В XIX в. Британская империя являлась сильнейшим государством. «… Англия непобедима на море, и… ее финансовые ресурсы в полном порядке».[11] Англия XIX века имела передовую форму правления, устойчивые демократические институты, активно формирующееся гражданское общество. Все это не могло не интересовать русских эмигрантов. Некоторые из них на своем опыте убедились в прогрессивности английской политической системы, в особенности в сравнении с Россией. Н. И. Тургенев вспоминал: «Мне из достоверных источников известно, что моей выдачи серьезно требовали у Каннинга. Но я узнал также, что в ответ на ноту, требовавшую моей выдачи, английский министр ограничился тем, что удостоверил ее получение, не говоря ни слова по поводу ее содержания».[12]
В связи с этой ситуацией Н. И. Тургенев возмущался неосведомленности русских дипломатов о политических правах человека в Англии: «Что же делают эти русские дипломаты за границей, если они не знают даже азбуки социального строя страны, в которой они пребывают, ее законодательства и руководящих начал ее управления? Требовать выдачи у английского министра, у Каннинга! Повторяю, это – нечто невероятное».[13]
Дионео так характеризовал английскую систему правления: «Королевские войска не остановились бы перед тем, чтобы заарестовать или расстрелять сколько угодно революционеров; но те же революционеры, выбранные в парламент, представляли в глазах войск уже нечто неприкосновенное…».[14]

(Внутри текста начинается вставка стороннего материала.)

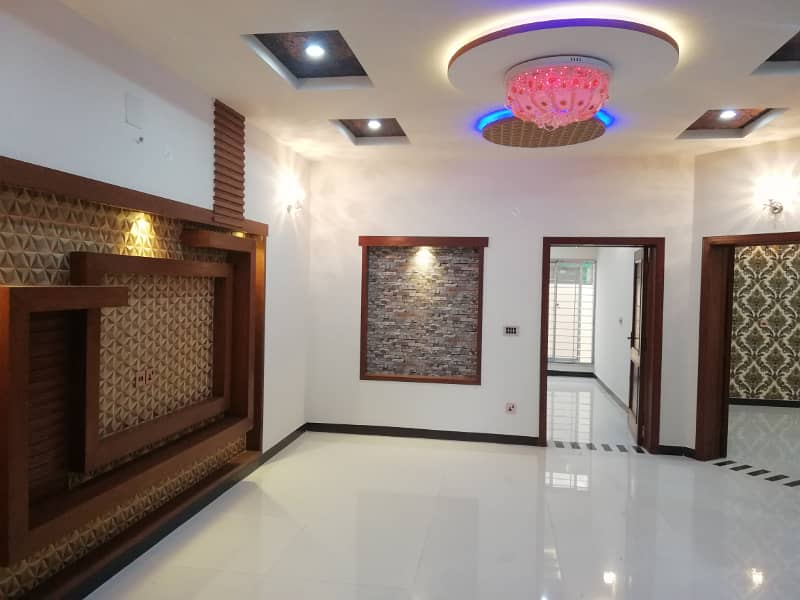 Slightly Used Luxury 10 Marla House Available For Rent in Janiper Block Bahria Town Lahore 2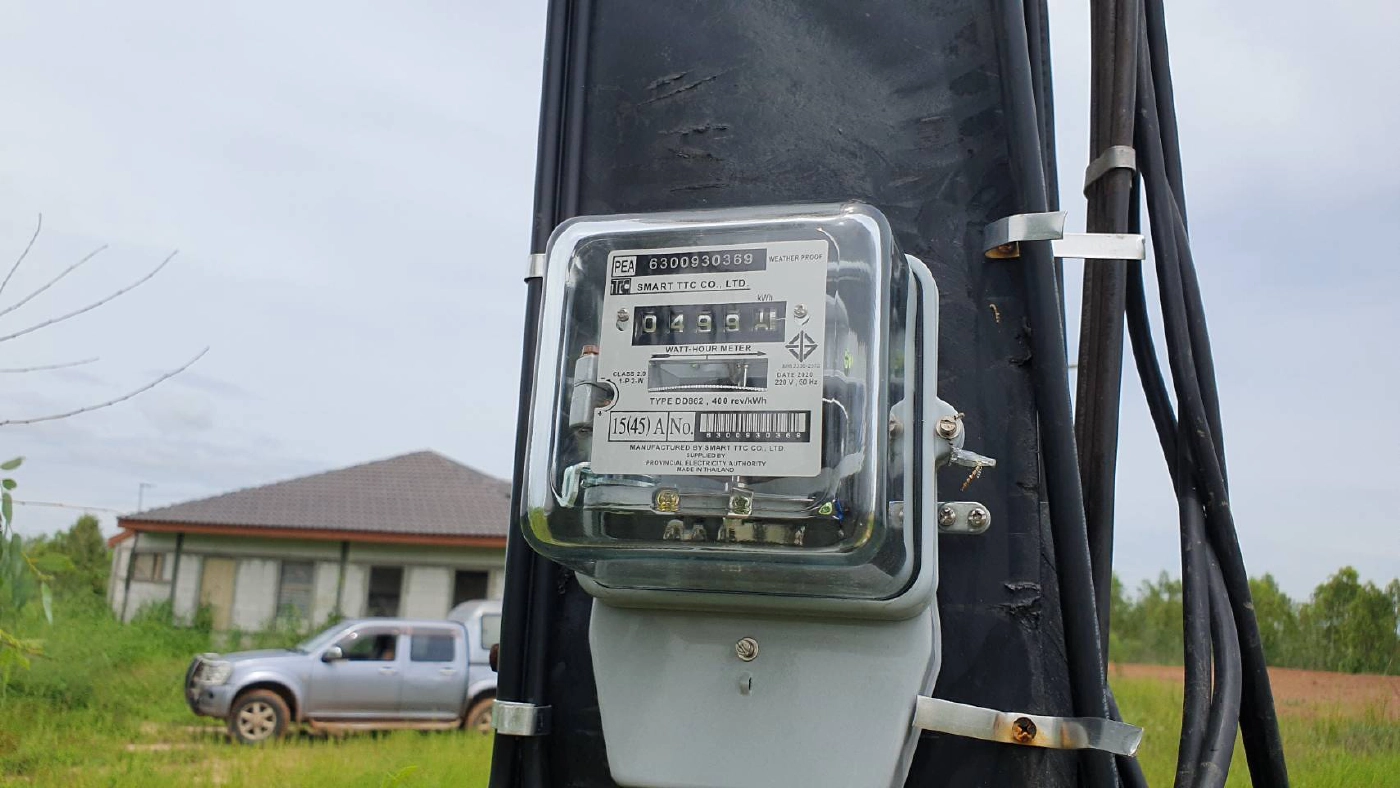 โวยกฟภ.ตัดต้นไม้ทับรั้วพังเสียหายกว่า 300 เมตร แจ้งตำรวจเอาผิด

Надо сказать, что эмигранты восхищались также гражданской позицией английской прессы и независимостью прессы от правительства, что тоже наилучшим образом познавалось в сравнении с политически отсталой николаевской Россией (речь идет о процессе над декабристами): «Поведение периодической печати в Англии и во Франции во время этого процесса было таким, каким оно должно было быть. Пресса регистрировала факты, которые доходили до нее с театра событий; она делала замечания и высказывала свои соображения лишь в тех пределах, какие допускала природа самих фактов и степень их достоверности. Ни одна английская, и ни одна французская газета, по крайней мере, из тех, которые я знаю, не принимала за чистую монету все, что говорилось в докладе следственной комиссии; ни одна не желал придавать этой канцелярской стряпне той веры, которой заслуживают в подобных случаях обвинительные акты, составленные в странах, где правосудие совершается в законных формах и определяется ими. Все, наоборот, не находя защиты рядом с обвинением, воздерживались от того, чтобы занять определенную позицию по отношению к обвинителю, являвшемуся в то же самое время судьею, и обвиняемому, лишенному всякой возможности не только защищаться, но и отвечать».[15] Мало того: по словам русской эмиграции, «некоторые газеты открыто признали невозможность высказаться при отсутствии элементарных начал всякого правильного судопроизводства».[16]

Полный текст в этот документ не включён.